The boathouses are rusty, ramshackle. One alone would attract little attention. A simple structure, framed by tamarack logs and covered in corrugated steel. But together, strung along Lake Vermilion's south shore, the 143 boathouses reveal the lives of the men who built them.
These 143 historic boathouses offer a peek into Minnesota's past
A collection of boathouses on Lake Vermilion, built by miners, hint at the area's work-hard, play-hard past.
Together, they reveal Minnesota's mining past.
"It's quite a sight," says Denis Gardner, the National Register Historian of the Minnesota State Historic Preservation Office.
The first boathouse was built in 1884 to shelter a steamboat for the nearby Soudan Underground Mine. The rest were built for fun. The company that operated the mine allowed longtime workers lakeshore leases as a job perk. Such rewards kept its workforce content, according to the application to add the boathouses to the National Register of Historic Places. A 1937 mining company magazine boasted that "Beyond the Mine Lies Vacationland."
"It was a way of life," says Gardner, who wrote about the boathouses for the Minnesota Historical Society. "You worked at the mine, then you went hunting and fishing."
From the turn of the century through the 1950s, miners erected the shelters, which extend over the water, with materials borrowed from the mine's scrap pile, including sheets of metal.
The boathouses sit — so close some nearly touch — on what's now public land, part of the Lake Vermilion-Soudan Underground Mine State Park. So as park manager, Jim Essig works with the owners and the Stuntz Bay Association to manage the boathouse leases.
It's tough. There have been fights, locally and at the Legislature, over whether and how they should be sold or passed on to future generations. The current rules allow an owner to transfer a lease once to a family member. But who should maintain those that have been abandoned? Should they be repaired, rented, demolished?
"We just need a good plan," Essig says, shaking his head while walking the rocky path of boathouses. His goal is to create a guide for the historic district that's a "win-win" for owners and taxpayers. He reaches the end of the row and points out, through the trees, No. 1 — collapsed into the lake.
"And No. 5 is going to go in a couple of years," he says. "I compare it to a smiley face, and right now we're losing teeth."
Each boathouse sports a number — 1 through 151. Many also include nicknames and family names, some hand scrawled. A few boast brightly-painted doors, or decorations like ducks, anchors, warnings. On No. 99: just three "no parking" signs.
Inside, construction tends toward utilitarian, with little room on either side of the boat channel for more than tools. But among the winches, ropes and "ice-out" calendars are hints at lives of miners and their families.
The mining company paid for electricity, so each Sunday, families would gather to give haircuts and do laundry. They picnicked and played music, fished and fixed their motors.

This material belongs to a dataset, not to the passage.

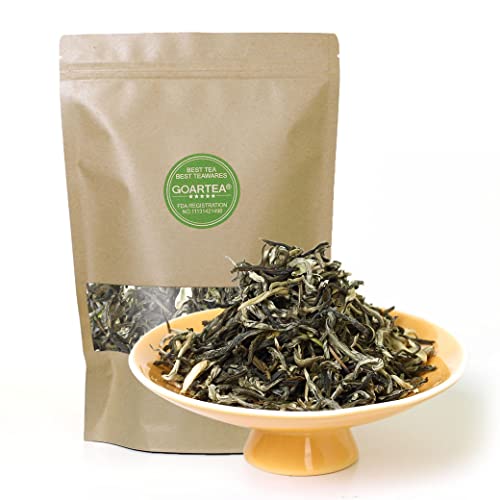 GOARTEA 4Pcs 250g / Total 35.2oz Nonpareil Supreme Jasmine Green Tea - Jasmine Tea Loose Leaf Tee Moli Yinhao Grüner Jasmin Tee Chinese Fujian Tea von GOARTEA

Lee Branwall has a photo, snapped in 1938, of his mother holding him at 6 weeks old, on their way to the cabin on Lake Vermilion's north side, inaccessible by road. They're standing in front of the boathouse his father built. Branwall, now 83, spent his childhood summers on that lake. His father, a former fur trapper, worked in the mine until it closed, then guided public tours, telling stories — some of them true.
"People complain about companies and how they treat their employees," Branwall says. "Those people just loved to work for U.S. Steel."
But by the time Branwall started kindergarten, his father told him: "Lee, you are not going to work in the mine." He ended up living the better life his father had hoped for him — earning a master's degree in aerospace engineering and working at 3M. Still, several times a year, he returns to his parents' land on Lake Vermilion, via the boathouse his father built with his fellow miners.
On a recent morning, Gregg and Lisa Larson bring a quart of green paint to No. 109. "It's boathouse love day," Gregg says, smiling.
Gregg's grandfather built a nearby boathouse in the 1940s after returning from World War II. His father fished off a big rock in the bay each day. Now, Gregg and Lisa trek here from Scottsdale, Ariz., with their English bulldog Boogie, who loves being on the water but requires a life vest.
They can see the row of boathouses from their cabin, on a nearby island. When the sun is setting, Lisa says, it hits the patchwork of metal, casting colorful light into the bay. "You've never seen anything so beautiful."